In un gesto apparentemente altruistico, ma che a questo
punto non poteva considerarsi altro che un tentativo di liberarsi di un
problema scomodo, ci aprì, “nel nostro interesse”, le porte della biblioteca
della facoltà, dove “avremmo potuto consultare il libro in questione”. Il tono
enfatico e solenne con il quale accompagnò la sua “concessione”, che mi ricordò
molto il detto “la miglior difesa è l'attacco”, fu un’altra volta deludente.
Nella biblioteca, con scarso interesse, scrissi gli estremi dell’unica edizione
esistente del lavoro del Doerpfel, in tedesco, con l’intenzione di consultarla
in una libreria italiana. La trovammo a Torino.

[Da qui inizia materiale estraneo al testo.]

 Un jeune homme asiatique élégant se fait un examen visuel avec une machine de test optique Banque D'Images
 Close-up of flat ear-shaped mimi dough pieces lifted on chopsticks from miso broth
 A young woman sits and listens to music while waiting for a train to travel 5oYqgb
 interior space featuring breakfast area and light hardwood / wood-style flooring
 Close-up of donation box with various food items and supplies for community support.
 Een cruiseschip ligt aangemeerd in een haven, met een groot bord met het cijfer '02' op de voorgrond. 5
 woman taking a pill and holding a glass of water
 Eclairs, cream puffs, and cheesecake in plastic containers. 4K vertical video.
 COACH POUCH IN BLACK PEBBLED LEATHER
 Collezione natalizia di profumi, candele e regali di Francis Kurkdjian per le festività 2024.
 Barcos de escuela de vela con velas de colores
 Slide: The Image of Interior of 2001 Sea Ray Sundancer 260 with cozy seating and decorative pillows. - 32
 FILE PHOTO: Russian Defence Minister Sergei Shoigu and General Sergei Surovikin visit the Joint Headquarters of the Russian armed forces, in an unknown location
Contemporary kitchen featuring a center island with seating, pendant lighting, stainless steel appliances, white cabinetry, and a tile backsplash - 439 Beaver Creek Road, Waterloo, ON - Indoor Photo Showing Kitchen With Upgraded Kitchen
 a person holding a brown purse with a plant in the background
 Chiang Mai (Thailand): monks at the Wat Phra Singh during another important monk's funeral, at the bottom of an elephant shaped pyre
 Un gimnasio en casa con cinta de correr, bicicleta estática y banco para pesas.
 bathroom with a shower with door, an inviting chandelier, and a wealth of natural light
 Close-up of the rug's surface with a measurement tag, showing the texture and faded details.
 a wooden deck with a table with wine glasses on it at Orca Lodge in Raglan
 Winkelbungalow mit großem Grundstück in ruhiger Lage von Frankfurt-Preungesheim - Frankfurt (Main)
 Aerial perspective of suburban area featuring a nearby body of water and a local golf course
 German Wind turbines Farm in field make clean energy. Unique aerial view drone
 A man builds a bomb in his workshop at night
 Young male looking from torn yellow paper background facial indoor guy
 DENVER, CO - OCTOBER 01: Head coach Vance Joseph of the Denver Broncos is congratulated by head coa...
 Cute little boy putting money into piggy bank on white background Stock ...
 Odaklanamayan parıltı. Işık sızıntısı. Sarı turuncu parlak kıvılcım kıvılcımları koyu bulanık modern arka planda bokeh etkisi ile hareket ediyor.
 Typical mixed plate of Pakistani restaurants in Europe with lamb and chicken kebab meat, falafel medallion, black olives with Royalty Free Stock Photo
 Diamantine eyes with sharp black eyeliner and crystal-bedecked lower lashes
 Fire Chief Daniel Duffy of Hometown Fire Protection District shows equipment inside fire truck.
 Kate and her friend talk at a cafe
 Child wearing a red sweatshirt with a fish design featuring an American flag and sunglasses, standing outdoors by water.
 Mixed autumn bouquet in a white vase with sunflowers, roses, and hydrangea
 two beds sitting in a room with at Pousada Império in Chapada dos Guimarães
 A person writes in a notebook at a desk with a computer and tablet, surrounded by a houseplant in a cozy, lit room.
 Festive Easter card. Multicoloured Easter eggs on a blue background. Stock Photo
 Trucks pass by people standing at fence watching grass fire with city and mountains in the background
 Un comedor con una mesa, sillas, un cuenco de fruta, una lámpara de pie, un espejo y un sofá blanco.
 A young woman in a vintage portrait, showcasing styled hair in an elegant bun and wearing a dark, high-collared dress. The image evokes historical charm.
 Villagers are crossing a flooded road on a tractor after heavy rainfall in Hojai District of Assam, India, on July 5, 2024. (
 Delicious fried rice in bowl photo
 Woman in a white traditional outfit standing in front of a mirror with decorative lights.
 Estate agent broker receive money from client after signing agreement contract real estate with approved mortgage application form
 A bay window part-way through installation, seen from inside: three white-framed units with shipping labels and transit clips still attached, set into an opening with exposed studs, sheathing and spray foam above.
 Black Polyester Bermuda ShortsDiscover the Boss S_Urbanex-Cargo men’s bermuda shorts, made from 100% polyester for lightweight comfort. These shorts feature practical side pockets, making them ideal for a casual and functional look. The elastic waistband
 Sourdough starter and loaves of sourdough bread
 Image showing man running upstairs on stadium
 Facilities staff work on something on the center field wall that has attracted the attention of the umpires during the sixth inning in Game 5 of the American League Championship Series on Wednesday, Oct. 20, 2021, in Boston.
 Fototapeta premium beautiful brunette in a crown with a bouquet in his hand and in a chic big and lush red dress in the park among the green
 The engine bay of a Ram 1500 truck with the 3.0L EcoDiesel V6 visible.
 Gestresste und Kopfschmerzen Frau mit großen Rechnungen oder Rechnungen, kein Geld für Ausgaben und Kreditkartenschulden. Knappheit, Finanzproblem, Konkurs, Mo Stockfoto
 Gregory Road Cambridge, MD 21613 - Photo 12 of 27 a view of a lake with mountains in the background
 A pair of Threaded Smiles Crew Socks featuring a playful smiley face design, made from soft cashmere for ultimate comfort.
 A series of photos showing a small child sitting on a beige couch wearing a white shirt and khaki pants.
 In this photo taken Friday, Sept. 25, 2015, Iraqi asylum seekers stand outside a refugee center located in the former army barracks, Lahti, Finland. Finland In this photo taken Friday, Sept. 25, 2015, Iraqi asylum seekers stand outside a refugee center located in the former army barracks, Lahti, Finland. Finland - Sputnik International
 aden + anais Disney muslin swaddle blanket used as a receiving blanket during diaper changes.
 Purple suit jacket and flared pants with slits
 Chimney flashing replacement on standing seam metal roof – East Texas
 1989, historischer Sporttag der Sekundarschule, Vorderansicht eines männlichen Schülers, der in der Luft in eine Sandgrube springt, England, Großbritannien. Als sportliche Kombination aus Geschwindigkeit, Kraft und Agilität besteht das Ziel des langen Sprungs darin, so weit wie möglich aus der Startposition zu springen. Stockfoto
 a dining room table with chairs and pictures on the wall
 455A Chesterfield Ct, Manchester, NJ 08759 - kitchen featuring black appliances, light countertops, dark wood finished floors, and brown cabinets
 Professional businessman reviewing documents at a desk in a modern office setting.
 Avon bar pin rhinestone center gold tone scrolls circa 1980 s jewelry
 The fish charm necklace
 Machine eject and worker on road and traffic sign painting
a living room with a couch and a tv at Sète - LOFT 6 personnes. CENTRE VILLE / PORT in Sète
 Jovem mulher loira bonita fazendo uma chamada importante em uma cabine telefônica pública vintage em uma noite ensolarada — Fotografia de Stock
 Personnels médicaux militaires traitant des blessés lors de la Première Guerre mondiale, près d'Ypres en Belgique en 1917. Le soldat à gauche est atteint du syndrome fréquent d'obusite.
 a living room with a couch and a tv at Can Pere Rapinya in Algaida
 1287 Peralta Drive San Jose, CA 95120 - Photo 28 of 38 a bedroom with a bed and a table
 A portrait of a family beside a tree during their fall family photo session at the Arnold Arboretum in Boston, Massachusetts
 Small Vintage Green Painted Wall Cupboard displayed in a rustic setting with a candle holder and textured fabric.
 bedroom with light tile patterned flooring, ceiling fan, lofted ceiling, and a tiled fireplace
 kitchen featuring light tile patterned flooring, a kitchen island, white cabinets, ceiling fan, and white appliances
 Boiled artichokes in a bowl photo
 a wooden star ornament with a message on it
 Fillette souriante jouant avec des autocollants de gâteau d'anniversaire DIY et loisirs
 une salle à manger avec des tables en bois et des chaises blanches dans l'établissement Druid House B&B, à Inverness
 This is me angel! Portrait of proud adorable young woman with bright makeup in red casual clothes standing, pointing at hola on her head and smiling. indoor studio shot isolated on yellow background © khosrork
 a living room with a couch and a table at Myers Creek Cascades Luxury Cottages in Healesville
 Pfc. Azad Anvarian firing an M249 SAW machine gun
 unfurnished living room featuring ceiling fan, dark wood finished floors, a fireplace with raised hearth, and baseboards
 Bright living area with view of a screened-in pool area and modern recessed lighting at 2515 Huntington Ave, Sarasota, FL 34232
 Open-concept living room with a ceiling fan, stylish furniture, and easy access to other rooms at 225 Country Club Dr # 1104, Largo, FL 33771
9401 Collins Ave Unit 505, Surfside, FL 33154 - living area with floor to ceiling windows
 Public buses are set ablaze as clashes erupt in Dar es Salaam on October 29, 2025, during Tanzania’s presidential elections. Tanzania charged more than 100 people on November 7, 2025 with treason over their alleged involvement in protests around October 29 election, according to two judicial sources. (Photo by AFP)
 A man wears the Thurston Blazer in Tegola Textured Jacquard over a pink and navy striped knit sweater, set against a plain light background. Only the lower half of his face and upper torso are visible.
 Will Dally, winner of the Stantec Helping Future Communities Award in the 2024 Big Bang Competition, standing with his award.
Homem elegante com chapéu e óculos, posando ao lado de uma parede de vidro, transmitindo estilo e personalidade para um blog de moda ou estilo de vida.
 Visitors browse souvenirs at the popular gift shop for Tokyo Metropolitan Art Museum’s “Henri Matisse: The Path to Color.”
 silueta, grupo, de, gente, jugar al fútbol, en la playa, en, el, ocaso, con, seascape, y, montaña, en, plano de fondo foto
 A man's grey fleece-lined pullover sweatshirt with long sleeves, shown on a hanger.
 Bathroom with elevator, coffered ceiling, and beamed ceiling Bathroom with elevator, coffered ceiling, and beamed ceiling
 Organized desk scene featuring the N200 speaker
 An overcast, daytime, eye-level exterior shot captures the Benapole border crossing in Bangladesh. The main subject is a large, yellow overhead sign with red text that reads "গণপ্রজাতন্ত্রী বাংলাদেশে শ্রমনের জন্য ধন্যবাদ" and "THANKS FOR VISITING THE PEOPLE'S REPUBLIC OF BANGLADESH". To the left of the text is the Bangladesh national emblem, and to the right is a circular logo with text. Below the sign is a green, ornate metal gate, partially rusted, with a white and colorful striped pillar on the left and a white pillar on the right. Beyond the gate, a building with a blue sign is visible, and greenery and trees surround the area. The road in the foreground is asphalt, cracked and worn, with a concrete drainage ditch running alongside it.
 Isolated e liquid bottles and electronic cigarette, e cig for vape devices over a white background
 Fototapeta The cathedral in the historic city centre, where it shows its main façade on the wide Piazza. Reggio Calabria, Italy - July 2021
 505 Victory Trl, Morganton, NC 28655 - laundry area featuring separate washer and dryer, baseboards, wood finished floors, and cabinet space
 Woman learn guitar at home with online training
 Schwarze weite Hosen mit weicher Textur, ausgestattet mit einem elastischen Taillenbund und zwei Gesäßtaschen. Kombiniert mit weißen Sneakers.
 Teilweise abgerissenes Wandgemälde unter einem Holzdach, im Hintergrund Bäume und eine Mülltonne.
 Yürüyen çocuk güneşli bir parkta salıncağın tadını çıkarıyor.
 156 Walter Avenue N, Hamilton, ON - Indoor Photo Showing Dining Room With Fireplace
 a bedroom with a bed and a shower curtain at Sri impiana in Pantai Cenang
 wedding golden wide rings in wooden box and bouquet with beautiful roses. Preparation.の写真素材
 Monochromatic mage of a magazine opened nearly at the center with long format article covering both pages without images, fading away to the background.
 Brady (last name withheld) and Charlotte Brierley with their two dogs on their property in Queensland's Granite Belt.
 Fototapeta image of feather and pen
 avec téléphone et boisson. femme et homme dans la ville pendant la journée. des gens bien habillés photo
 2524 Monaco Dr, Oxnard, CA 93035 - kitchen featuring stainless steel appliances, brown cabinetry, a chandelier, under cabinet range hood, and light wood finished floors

Come avevo previsto, non c’era
nessuna spiegazione sul muro in questione.
Due anni dopo, mentre viaggiavamo negli Stati Uniti, mio
fratello mi informò dall’Italia che “gli archeologi tedeschi avevano riaperto
gli scavi a Troia.” Questo non accadeva dal 1936!
Una coincidenza? Senz’altro. Però… da far pensare.
Particolarmente nel caso in cui un tantino di merito fosse da attribuire a quel
lavapentole di Francoforte! Qui è proprio il caso di dire: “Chi può negare che
dietro ogni grande lavapentole, c’è una grande preparatrice di caffè?”